Positieve bekrachtiging
Een “sense of accomplishment” werkt stimulerend omdat je het gevoel krijgt dat je bekwamer wordt. De successen vergroten je inzet en betrokkenheid waardoor je nog betere resultaten boekt en je jezelf nog bekwamer voelt. Dit is een positieve bekrachtiging die meer is dan een puur behavioristische conditionering. Je vaardigheid, betrokkenheid en gevoel verdienstelijk bezig te zijn, komen in een positieve spiraal terecht. Die positieve cyclus wordt voortgedreven door je vermogen de succeshandelingen en succesideeën te internaliseren. De jongen met ASS is hier misschien feitelijk niet toe in staat terwijl de meid die telkens na drie keer afhaakt, het misschien kan leren. Beiden missen in ieder geval het bijbehorend gevoel van tevredenheid. Telkens trekken ze andermans kleren aan.

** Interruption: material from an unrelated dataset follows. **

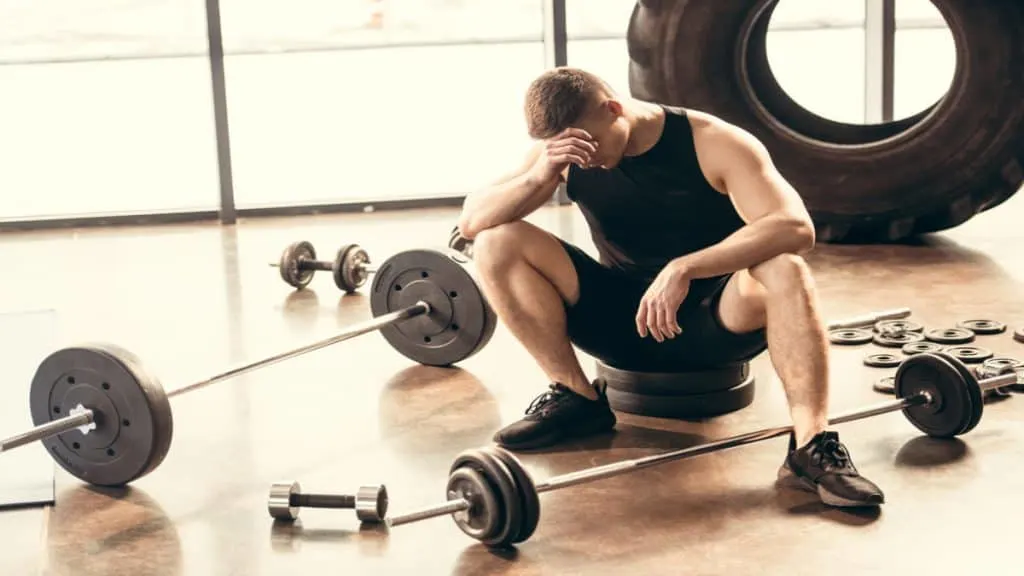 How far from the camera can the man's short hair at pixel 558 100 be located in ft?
7.34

Wanneer wordt iets “eigen”?
In mijn essay “Wat is begrijpen?” (10-5-2010) stel ik dat we iets pas echt begrijpen als we “het” zowel cognitief, procedureel als affectief tot een bepaalde hoogte hebben verwerkt. In dit essay stel ik dat hetzelfde geldt wanneer we ons iets eigen maken. Misschien verschillen beide concepten niet veel van elkaar maar het is nu in ieder geval duidelijk dat de affectieve verwerking essentieel is. Positieve bekrachtiging moet leiden tot een steeds hoger niveau van affectieve beleving.
Ik gebruikte in mijn essay over begrijpen de taxonomie van Krathwohl die heel primair begint bij het niveau dat we bewust worden van het bestaan van iets (ideeën/werkwijzen). Vervolgens geven we erkenning aan deze ideeën/werkwijzen door er op te reageren. Het derde niveau is deze ideeën te beschouwen als waardevol. Daarboven zit de bereidheid de ideeën in verband te brengen met je eigen ideeën. En het hoogste niveau is dat de ideeën onderdeel worden van je persoonlijke systeem (van ideeën en werkwijzen). Iets wordt “eigen” door deze niveaus te bestijgen van een minimale erkenning van waarde tot een authentieke incorporatie in het eigen systeem.
Hoe maak je iets eigen?
Twee motto’s zijn van toepassing bij de beantwoording van deze vraag. De eerste is; “Sta erbij stil en vind er wat van!”. Hiermee wil ik benadrukken dat je bewust aandacht moet hebben voor het onderwerp waar je mee bezig bent en daar ook een mening over moet vormen. Hiermee stimuleer je de ontwikkeling van je affectieve beleving over het onderwerp. Niets is zo ondermijnend voor het leerproces als volstrekt neutraliteit en onachtzaamheid ten opzichte van een onderwerp.
Wanneer je een mening vormt bestaat het gevaar dat het een negatieve mening is met alle lastige gevolgen van dien. Daarom is een tweede uitspraak belangrijk; “Als je iets toch moet doen, doe het dan ook goed”. Door deze intentie vergroot je de “sense of accomplishment”. Je neemt je namelijk voor om iets te bereiken waardoor je jezelf de gelegenheid geeft om een succeservaring op te doen en je trots te voelen. Dergelijke ervaringen stellen het onderwerp van je inzet altijd in een beter daglicht. Je gaat er positiever tegenaan kijken.
Blijven de ideeën en werkwijzen bevreemdend dan zul je een keuze moeten maken; toch doorgaan of stoppen. In die zin heeft bovengenoemde acteur een uitstekende reden aangegeven om te stoppen met acteren. Wie wil er nu jarenlang andermans kleren dragen?